Solved – Forecast time-series with two seasonal patterns

arimaforecastingmultiple-seasonalitiesrtime series

I am working on this problem for my research. The attached time-series represents the disk usage sampled every 5 mins. The series is a saw-tooth pattern since the disk usage keeps increasing and part of the disk gets backed up every 24 hrs. Thus there is linear trend as well as seasonal pattern. I see a hourly seasonal pattern as well, not sure about the reason. My goal is to use few days worth of disk usage and predict the mean disk usage with conf. interval for the next 24 hrs.
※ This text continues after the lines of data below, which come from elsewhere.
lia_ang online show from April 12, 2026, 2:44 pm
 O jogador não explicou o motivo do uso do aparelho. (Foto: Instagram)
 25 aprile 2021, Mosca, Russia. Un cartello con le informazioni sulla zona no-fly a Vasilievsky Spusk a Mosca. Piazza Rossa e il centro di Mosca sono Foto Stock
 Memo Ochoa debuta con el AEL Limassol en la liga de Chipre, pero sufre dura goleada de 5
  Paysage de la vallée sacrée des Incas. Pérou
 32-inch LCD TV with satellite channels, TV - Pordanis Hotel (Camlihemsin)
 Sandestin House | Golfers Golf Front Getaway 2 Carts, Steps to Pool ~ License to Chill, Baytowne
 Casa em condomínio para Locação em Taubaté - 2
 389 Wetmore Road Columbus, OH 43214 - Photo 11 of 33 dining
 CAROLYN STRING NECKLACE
I am currently analyzing 3 days worth of data (training set) to predict the next 24 hrs of data (test set).

The following R code sets up the data.

df_diskusage <- read.csv(file='http://people.duke.edu/~hvs2/code/disk_usage.csv', header=TRUE)
timestamp <- df_diskusage$time
usage <- df_diskusage$usage

training_Set_size <- 0.75
training_set_index <- round(length(timestamp)*training_Set_size)
timestamp_train <- timestamp[1:training_set_index]
usage_train <- usage[1:training_set_index]
timestamp_test <- timestamp[-(1:training_set_index)]
usage_test <- usage[-(1:training_set_index)]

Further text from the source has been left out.